We Have Found The Deepest Known Volcanic Eruption – A Field of Glass Under The Sea
Almost on the cusp of the Mariana Trench, before it plunges down into the very bowels of the ocean, scientists have found something rare and wonderful. Sometime in 2015, an underwater volcano experienced a massive eruption, spewing molten magma into the surrounding ocean.
As the incredibly hot magma meets the water, it begins to rapidly cool. The result? A vast field of volcanic glass. And, even more spectacularly, at a depth of 4,050-4,450 metres (2.51 to 2.76 miles) it’s the deepest known volcanic eruption ever found on Earth.
This large field of volcanic glass stretches 7.3 kilometres (4.5 miles) along a region known as the Mariana Trough, a back-arc basin associated with the active volcanic arc that runs along the lip of the Mariana Trench.
Since this region sits right on the edge of a subduction zone, where the edge of one tectonic plate slips under another, volcanic activity is not unexpected, nor even uncommon. But studying this activity isn’t easy.
“We know that most of the world’s volcanic activity actually takes place in the ocean, but most of it goes undetected and unseen,” said marine geologist Bill Chadwick of Oregon State University and NOAA’s Pacific Marine Environmental Laboratory.
“Undersea quakes associated with volcanism are usually small, and most of the instrumentation is far away on land. Many of these areas are deep and don’t leave any clues on the surface. That makes submarine eruptions very elusive.”
The video below shows the first time one of these underwater eruptions was caught on film, released in 2009 – less than 10 years ago.
The deepest known eruption, which is now the subject of a new research paper, was first noted in December 2015, by the Woods Hole Oceanographic Institute’s autonomous underwater vehicle Sentry.
At that time, the volcanic glass flows looked pristine. Nothing was growing on them, and no sediment had started to cover them. A nearby hydrothermal vent was also seeping milky fluid, an indication that the lava flow was still warm.
Returns to the site were made in April and December of 2016, this time with remotely-operated underwater vehicles – the NOAA’s Deep Discoverer and Schmidt Ocean Institute’s SuBastian – so the scientists could exert more control over what they were seeing.
Those trips showed a rapidly declining hydrothermal system, indicating that the eruption had happened on a scale of just months before the discovery in December 2015.
“Typically after an eruption, there is heat released and venting for a few years and organisms will colonise the vents, creating a new ecosystem,” Chadwick explained.

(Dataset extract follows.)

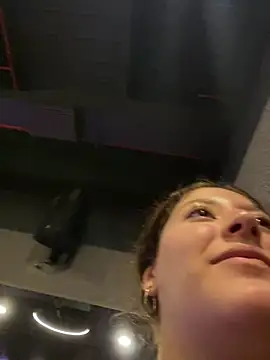 Snapshot of lizzy_luminair chatting on February 4, 2026, 2:12 pm lizzy luminair online show from February 4, 2026, 2:12 pm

“But after a while, the system cools down and the mobile organisms will leave. There was still some venting, but it had obviously greatly declined.”

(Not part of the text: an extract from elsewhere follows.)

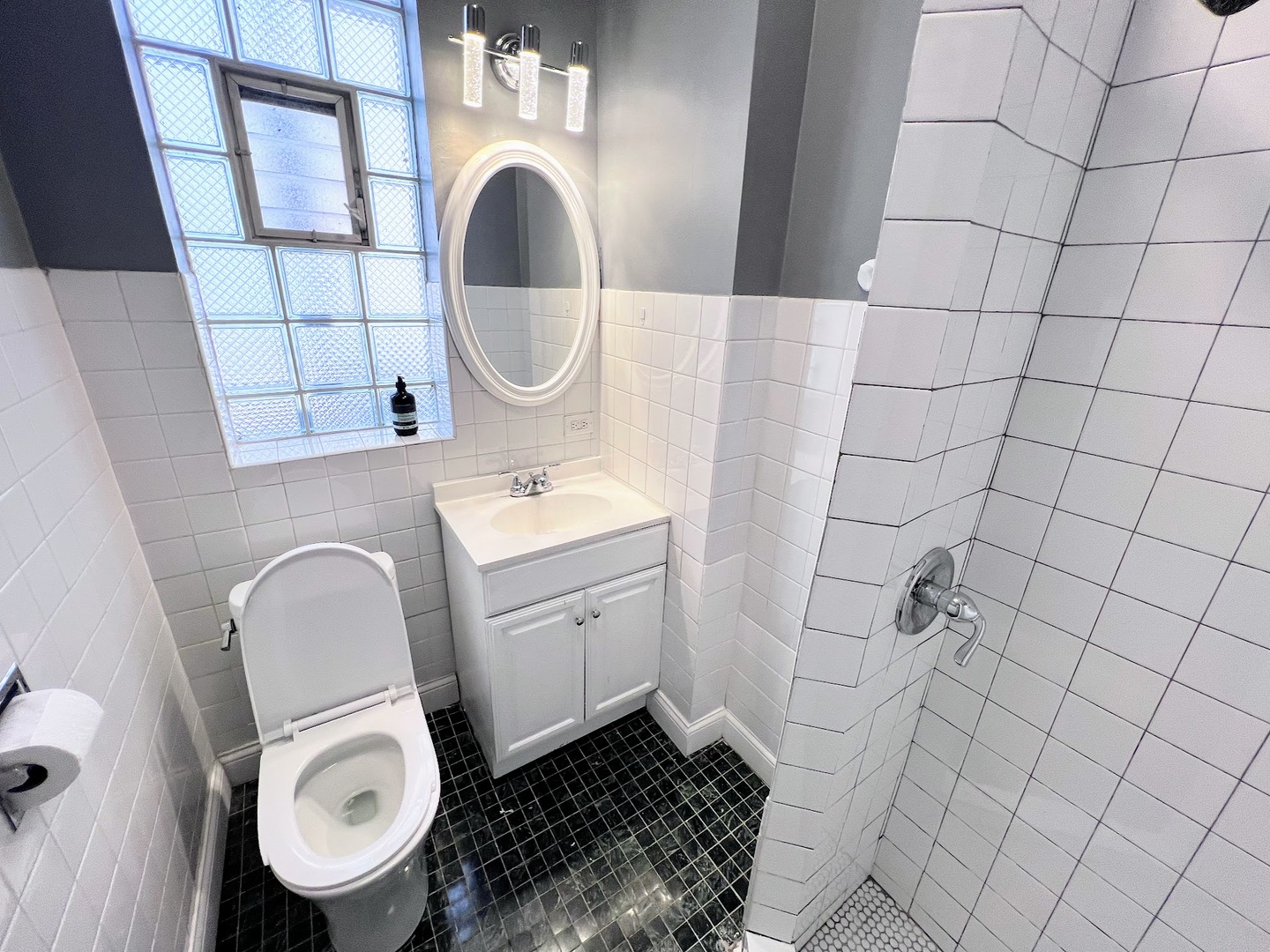 2062 N Damen Avenue #2, Chicago, IL 60647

This provides a rare opportunity, since most underwater volcanic eruptions are only discovered long after they have occurred. So far, only about 40 submarine lava flows have been detected.
By returning to the site of the eruption, the researchers were able to observe the rapidity at which life moves on. By April 2016, species commonly seen living around hydrothermal vents, such as shrimp and lobsters, had started moving in; but less mobile species, such as anemones and sponges, which generally take longer to colonise, were nowhere in sight.
This, the researchers said, supported their timeline of an eruption that had only happened a short time before it was discovered.
“Undersea volcanoes can help inform us about how terrestrial volcanoes work and how they impact ocean chemistry, which can significantly affect local ecosystems,” Chadwick said.
“It’s a special learning opportunity when we’re able to find them.”
The team has published their findings in the open-access journal Frontiers in Earth Science.